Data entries
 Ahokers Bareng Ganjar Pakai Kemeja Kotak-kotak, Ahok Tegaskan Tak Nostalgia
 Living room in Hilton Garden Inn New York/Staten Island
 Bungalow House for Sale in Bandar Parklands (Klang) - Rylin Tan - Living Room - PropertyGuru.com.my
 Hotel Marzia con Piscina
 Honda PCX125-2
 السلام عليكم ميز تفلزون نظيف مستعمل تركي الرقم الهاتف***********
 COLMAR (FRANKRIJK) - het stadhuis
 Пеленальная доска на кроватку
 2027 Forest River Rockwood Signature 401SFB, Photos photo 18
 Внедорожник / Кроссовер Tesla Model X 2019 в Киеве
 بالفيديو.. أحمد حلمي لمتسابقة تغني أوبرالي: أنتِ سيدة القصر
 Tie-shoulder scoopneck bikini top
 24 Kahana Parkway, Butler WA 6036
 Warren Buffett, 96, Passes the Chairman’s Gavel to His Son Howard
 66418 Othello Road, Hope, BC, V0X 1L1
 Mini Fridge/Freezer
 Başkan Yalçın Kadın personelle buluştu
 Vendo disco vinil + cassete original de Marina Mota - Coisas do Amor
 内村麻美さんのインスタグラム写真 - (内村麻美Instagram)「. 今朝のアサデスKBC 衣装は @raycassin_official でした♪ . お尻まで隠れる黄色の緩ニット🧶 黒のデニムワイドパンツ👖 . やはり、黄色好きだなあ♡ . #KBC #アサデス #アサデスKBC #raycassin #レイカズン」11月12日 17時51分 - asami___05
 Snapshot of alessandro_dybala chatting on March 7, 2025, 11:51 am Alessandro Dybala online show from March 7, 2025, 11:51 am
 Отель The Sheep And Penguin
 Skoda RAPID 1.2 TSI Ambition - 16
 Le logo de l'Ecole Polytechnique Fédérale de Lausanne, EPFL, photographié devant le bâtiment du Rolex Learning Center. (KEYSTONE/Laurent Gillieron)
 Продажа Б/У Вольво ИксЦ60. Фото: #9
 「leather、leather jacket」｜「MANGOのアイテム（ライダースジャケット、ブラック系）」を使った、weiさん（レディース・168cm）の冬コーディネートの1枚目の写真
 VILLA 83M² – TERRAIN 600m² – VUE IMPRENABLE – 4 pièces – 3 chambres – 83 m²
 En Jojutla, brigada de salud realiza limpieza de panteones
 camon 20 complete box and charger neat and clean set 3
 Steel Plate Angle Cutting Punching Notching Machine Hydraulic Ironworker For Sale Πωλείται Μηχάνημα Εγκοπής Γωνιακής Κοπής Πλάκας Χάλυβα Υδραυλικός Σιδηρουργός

Try it: Only the lines above from the line with "24 Kahana Parkway, Butler WA 6036" to the line with "Skoda RAPID 1.2 TSI Ambition - 16", those two lines included, should be reproduced exactly.

Your response:
 24 Kahana Parkway, Butler WA 6036
 Warren Buffett, 96, Passes the Chairman’s Gavel to His Son Howard
 66418 Othello Road, Hope, BC, V0X 1L1
 Mini Fridge/Freezer
 Başkan Yalçın Kadın personelle buluştu
 Vendo disco vinil + cassete original de Marina Mota - Coisas do Amor
 内村麻美さんのインスタグラム写真 - (内村麻美Instagram)「. 今朝のアサデスKBC 衣装は @raycassin_official でした♪ . お尻まで隠れる黄色の緩ニット🧶 黒のデニムワイドパンツ👖 . やはり、黄色好きだなあ♡ . #KBC #アサデス #アサデスKBC #raycassin #レイカズン」11月12日 17時51分 - asami___05
 Snapshot of alessandro_dybala chatting on March 7, 2025, 11:51 am Alessandro Dybala online show from March 7, 2025, 11:51 am
 Отель The Sheep And Penguin
 Skoda RAPID 1.2 TSI Ambition - 16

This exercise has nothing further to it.